@KeepTakingTheSoma @sensei https://www.spiked-online.com/2026/01/02/the-dark-comedy-of-the-islamo-left-alliance/
The left had long flirted with anti-Semitic Islamists and other Islamic activists, but 7 October truly solidified it. Since then, this grim Islamo-leftist coupling has become a prominent feature of the Western political landscape. That’s certainly been the case in Britain over the past year. Our cities have continued to fill up on a near monthly basis, as plummy-voiced Guardianistas have marched hand in hand with Islamists, issuing calls to ‘globalise the intifada’ and ‘put the Zios [Jews] in the ground’. They did so even on the same day as two British Jews were slain at their Manchester synagogue by an Islamist. Posh campus ‘radicals’, their privilege now draped in the flag of Palestine, have continued to throw their lot in with the Islamist cause. Some went so far as to stage quasi-celebratory events on last year’s 7 October anniversary to ‘honour the resistance’. One student society even advertised a ‘Palestine bake sale’, complete with the menacing strapline, ‘Time for dessert’.
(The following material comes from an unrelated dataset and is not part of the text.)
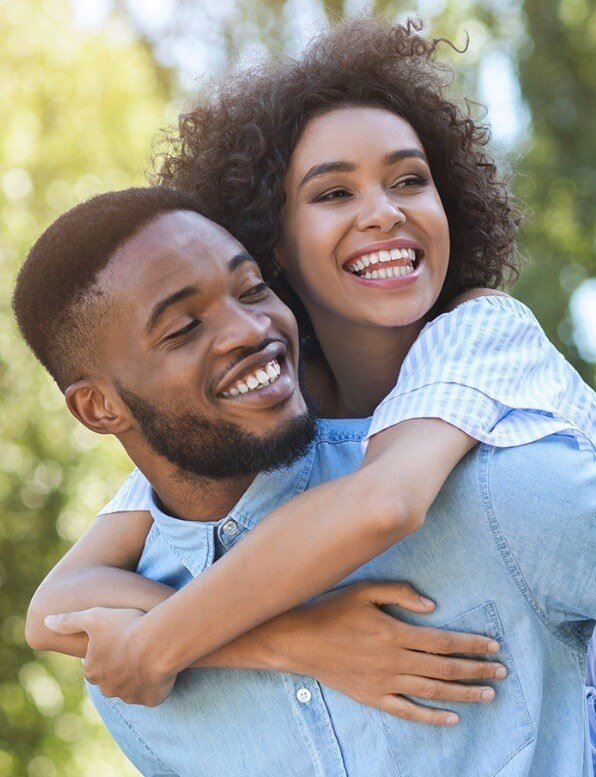 Smiling man and woman outdoors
The phenomenon of Islamo-leftism did not come from nowhere. From the 1960s onwards, a combination of disillusionment with Soviet Communism and a growing estrangement from the working class prompted a then emergent New Left to look elsewhere for a challenge to capitalism and increasingly the West itself. And so they looked to anti-colonial movements in the so-called Third World. Islamism, a thoroughly anti-Western form of religionised politics, born in colonial Egypt and India in the early 20th century and resurgent in the 1970s, soon began to make inroads in the West – and not just among the Muslim population. Think of the admiring glances some Western leftists cast on the Ayatollah Khomeini on the eve of the Iranian Revolution in 1979. Or more recently, think of the coalitions and alliances left-wing groups sought to form with assorted militant Muslim groups during the 1990s, and again in opposition to the wars in Iraq and Afghanistan during the 2000s. Indeed, the very term ‘Islamo-left’ emerged to refer to the left’s bridge-building efforts of this period.